図7に示すように、車両振動特定部142で特定する自車の振動が発生するタイミングにおいては、押圧荷重の波形にもピークが生じる。本実施形態では、自車の振動が発生するこのタイミングで検出される押圧荷重は処理の対象外とする。図7の押圧荷重の波形において、自車の振動が発生するこのタイミングで検出される押圧荷重を処理の対象外としない場合、図7の点線の円で囲った押圧荷重の波形のピークも処理の対象となる。この場合、押圧荷重が押圧荷重基準Sp以上となる後、押圧荷重が0になる前に押圧荷重が増加するので、触覚提示制御部143が連打と誤判定してしまう。その結果、触覚提示制御部143が、連打でないのにもかかわらず、押圧荷重が開放荷重基準Srを下回るタイミングで触覚提示を行わせないことになってしまう。一方、自車の振動が発生するタイミングで検出される押圧荷重を処理の対象外とすれば、図7の点線の円で囲った押圧荷重の増加はないものとして扱われるので、触覚提示制御部143が連打と誤判定せず、押圧荷重が開放荷重基準Srを下回るタイミングで触覚提示を行わせることになる。
<触覚提示制御装置14での触覚FB関連処理>
続いて、図8のフローチャートを用いて、実施形態1における触覚提示制御装置14での触覚FB機能に関する処理(以下、触覚FB関連処理)の流れの一例について説明を行う。図8のフローチャートは、HCU20から入力用オブジェクトが選択されたことを示す信号が入力されてくる場合に開始する構成とすればよい。

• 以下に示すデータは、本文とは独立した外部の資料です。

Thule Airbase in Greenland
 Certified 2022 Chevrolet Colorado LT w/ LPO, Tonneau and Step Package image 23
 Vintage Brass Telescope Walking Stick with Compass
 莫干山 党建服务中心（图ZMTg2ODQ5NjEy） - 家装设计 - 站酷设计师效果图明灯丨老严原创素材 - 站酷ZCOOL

まず、ステップS1では、荷重検出部141が押圧荷重を検出する。ステップS2では、S1で検出する押圧荷重が押圧荷重基準Sp以上となる場合(S2でYES)に、ステップS3に移る。一方、S1で検出する押圧荷重が押圧荷重基準Sp以上でない場合(S2でNO)には、S1に戻って処理を繰り返す。ステップS3では、触覚提示制御部143がアクチュエータ12を動作させて触覚提示を行わせる。
ステップS4では、荷重検出部141が押圧荷重を検出する。ステップS5では、S4で検出する押圧荷重が開放荷重基準Sr未満となる場合(S5でYES)に、ステップS6に移る。一方、S4で検出する押圧荷重が開放荷重基準Sr未満でない場合(S5でNO)には、S4に戻って処理を繰り返す。ステップS6では、触覚提示制御部143がアクチュエータ12を動作させて触覚提示を行わせる。

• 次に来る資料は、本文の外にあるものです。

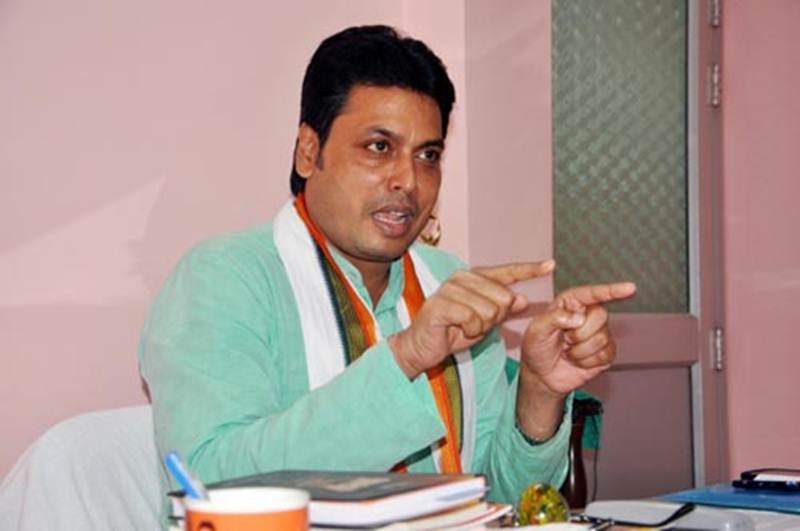 Tripura CM Biplab Deb and his 8 future claims which you shouldn’t be surprised to hear!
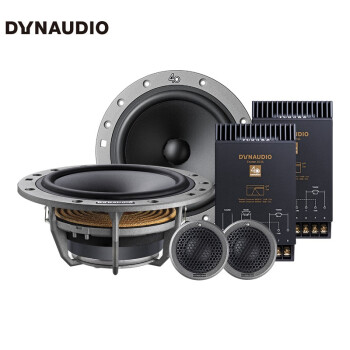 丹拿（DYNAUDIO）汽车音响ESOTAN236MKⅡ四十周年特别版二分频高音低音喇叭套装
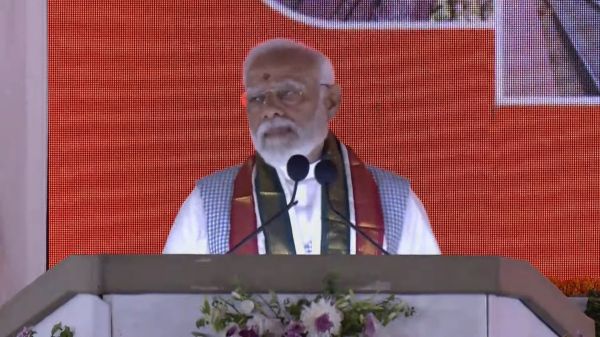 प्रधानमंत्री ने दी तेलंगाना को 6800 करोड़ की विकास परियोजनाओं की सौगात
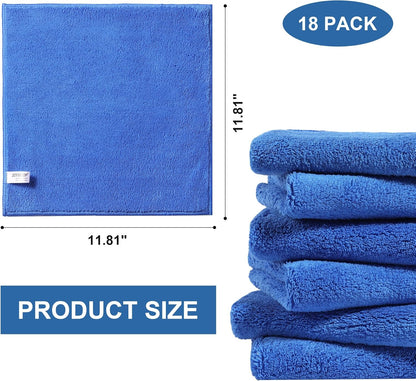 Bubble Mesh Microfiber Cleaning Cloth, Reusable Non-Scratch Cleaning Rags, Dual-Sided Dish Cloths, Multipurpose Dish Rags for Dishwashing, Kitchen, Stainless Steel-6 Packs, Yellow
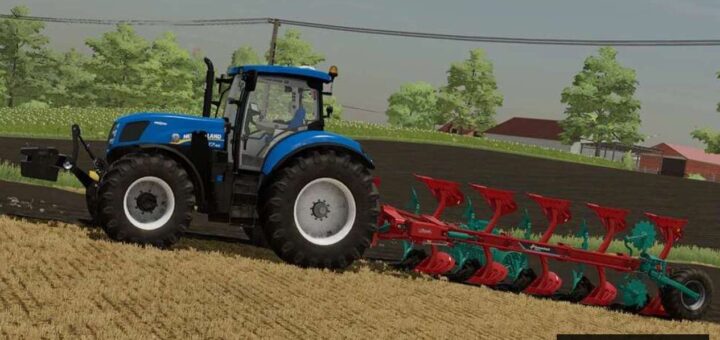 New Holland T7 2011 Series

ステップS7では、荷重検出部141が押圧荷重を検出する。ステップS8では、S7で検出する押圧荷重がS4で検出した押圧荷重よりも増加している場合(S8でYES)に、ステップS10に移る。一方、S7で検出する押圧荷重がS4で検出した押圧荷重以下となっている場合(S8でNO)には、ステップS9に移る。
ステップS9では、S7で検出する押圧荷重が0である場合(S9でYES)には、触覚FB関連処理を終了する。一方、S7で検出する押圧荷重が0でない場合(S9でNO)には、S7に戻って処理を繰り返す。
ステップS10では、触覚提示制御部143が、ユーザによる連打と判定し、連打時の制御である連打操作制御に切り替える。後述するステップS11~ステップS16の処理が連打操作制御に該当する。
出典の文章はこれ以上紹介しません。